Graph Traversal for Context Assembly
Given a query entity (identified via entity linking), the graph traversal executes a configurable-depth Cypher (Neo4j) or SPARQL query to retrieve the entity neighbourhood: adjacent entities and their relationship types within a specified hop count. For example: MATCH (e:Drug {name: 'Drug X'})-[r1]->(n1)-[r2]->(n2) RETURN e, r1, n1, r2, n2 retrieves all 2-hop neighbours of Drug X with their relationship types.

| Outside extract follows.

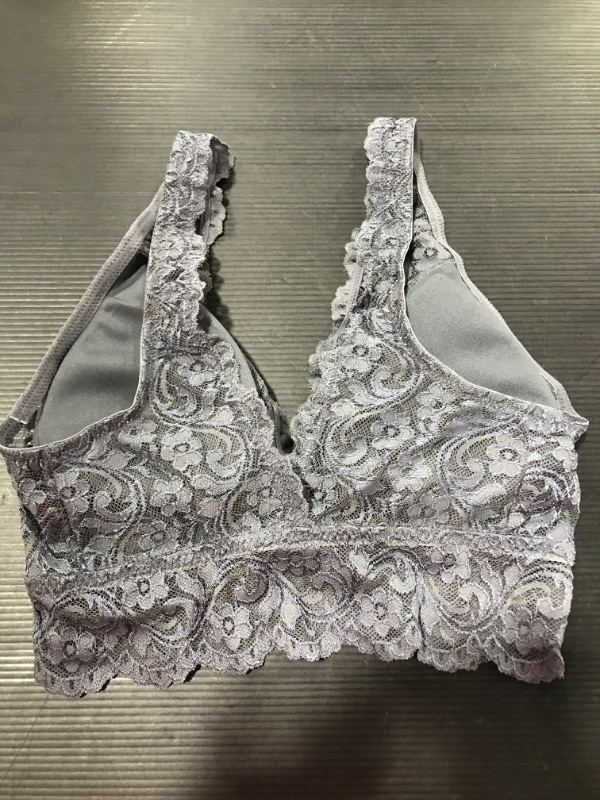 Photo 2 of [Size M] Smart & Sexy Women's Signature Lace Deep V Bralette [Anthracite]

The retrieved subgraph is serialised into a structured text representation for the LLM context window: "Drug X INHIBITS Enzyme A; Enzyme A INVOLVED_IN Pathway B; Pathway B IMPLICATED_IN Disease Y." This serialisation preserves the relational structure in a form the LLM can reason over, while the graph traversal path constitutes an explicit reasoning chain for explainability.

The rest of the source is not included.